無能な善意が人を貶める

ハンロンの剃刀という言葉がある。曰く、無能を悪意と取り違えてはいけないというやつだ。善意か悪意かは、その能力と本来なんら関係はない。にもかかわらず、誰かの言動に際して不利益を被ったときに、人はそれを悪意と見なす傾向がある。悪意であることもあるだろうが、大抵は無能で十分に説明がつくケースが多い。おそらくそれは、できるからやる(I can therefore I do)という言外の了解に立っていることが一因なのだろう。
しかし、もっと厄介なケースがある。
それは無能な善意だ。
こうした手合は自分の行動が相手のためになっていると信じて疑わない。さらに、善意で言っているのに聞き入れないのかやあなたのためを思ってやっているんだと主張する。人は、自分の行為が他者の行為よりも、より善意によるものだと解釈する傾向にあるという実験もあるそうだ。しかし、こうした善意の助言をしてくる人のほとんどはその結果に対して責任を負わないし、その事に興味を持っていないのだ。それでも、善意で言ってくれているのがわかっている分、論理的な齟齬を指摘するには憚るし、無碍に断わりづらい。なんともひどい状態だ。その点、明確な悪意はその目的がはっきりとしている分、対策が取りやすかったりする。

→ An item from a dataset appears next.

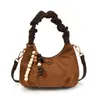 Bolso de Mano Plegado de Alto Valor de Moda Estilo Coreano 2025 Bolso Dumpling de Gamuza Nicho Bolso de Hombro Cruzado Retro Mate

究極的にはどんな判断や行動も上手くいくかはわからないのだから、リヴァイ兵長が云っていたように、自分が後悔しない選択をするしかない、もしくは自分の選択を後悔しないためにあとから頑張るかだろう、それが自由というやつだ。ただ、自由に選択し判断し行動した結果は全て自分で引き受けなければならなくなる。そうした自由の重責に耐えきれず、エーリッヒ・フロムが云うように自由から逃走するはめになる。地獄への道は善意で舗装されている、というわけだ。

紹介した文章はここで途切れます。